Print exactly the lines below between the line containing "Fototapeta Stand Up" and the line containing "Full Color <span", counting both of those lines. Leave pictures out.

** Opening Input records block **

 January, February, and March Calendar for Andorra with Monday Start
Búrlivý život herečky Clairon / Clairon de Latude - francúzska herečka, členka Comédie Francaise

** Closing Input records block **
** Opening Input records block **

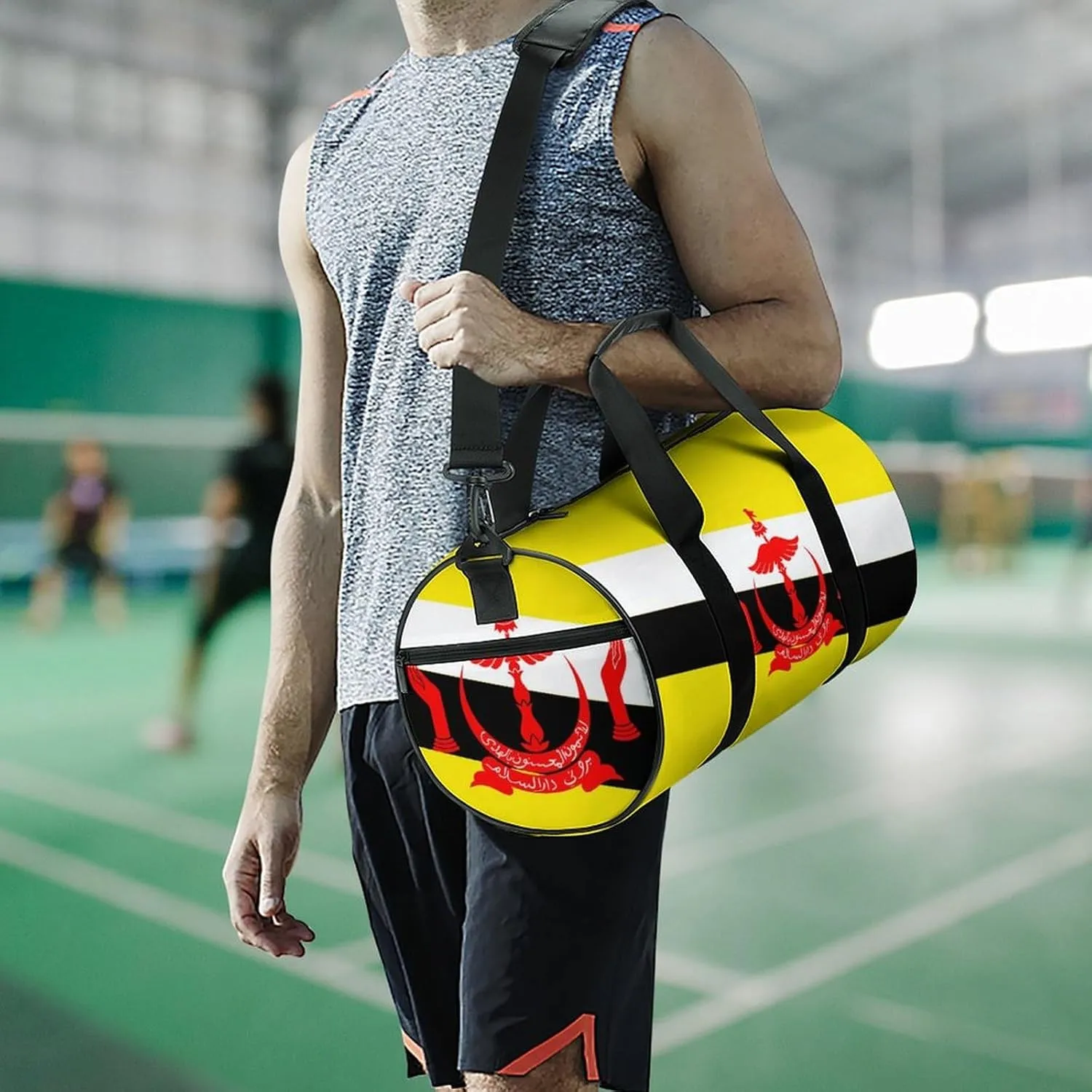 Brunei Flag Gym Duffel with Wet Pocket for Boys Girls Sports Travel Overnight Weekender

** Closing Input records block **
** Opening Input records block **

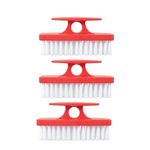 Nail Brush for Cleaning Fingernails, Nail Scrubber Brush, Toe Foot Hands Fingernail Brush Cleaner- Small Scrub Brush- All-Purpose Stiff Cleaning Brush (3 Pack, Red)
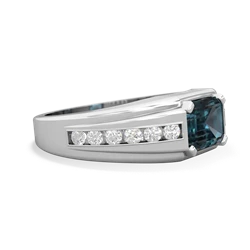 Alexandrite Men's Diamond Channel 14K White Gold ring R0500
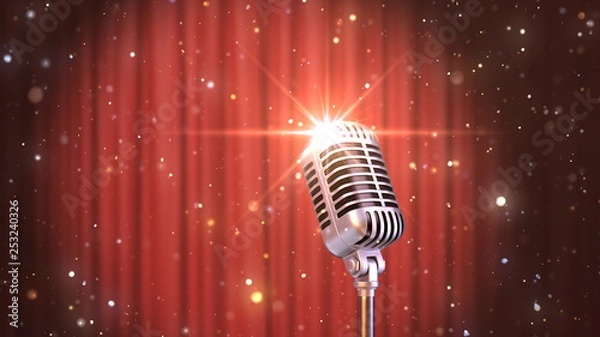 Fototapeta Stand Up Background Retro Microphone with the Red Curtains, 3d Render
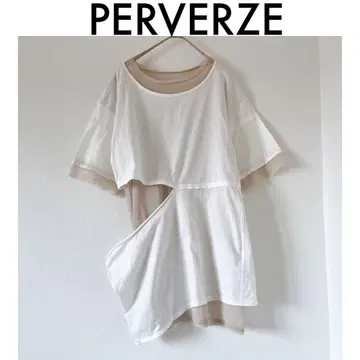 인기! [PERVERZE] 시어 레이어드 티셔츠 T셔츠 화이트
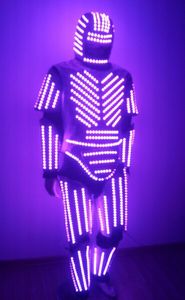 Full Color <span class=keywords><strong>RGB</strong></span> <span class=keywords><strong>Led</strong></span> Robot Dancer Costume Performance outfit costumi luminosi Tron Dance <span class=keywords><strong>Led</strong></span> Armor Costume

** Closing Input records block **

▸ Final answer
 Fototapeta Stand Up Background Retro Microphone with the Red Curtains, 3d Render
 인기! [PERVERZE] 시어 레이어드 티셔츠 T셔츠 화이트
 Full Color <span class=keywords><strong>RGB</strong></span> <span class=keywords><strong>Led</strong></span> Robot Dancer Costume Performance outfit costumi luminosi Tron Dance <span class=keywords><strong>Led</strong></span> Armor Costume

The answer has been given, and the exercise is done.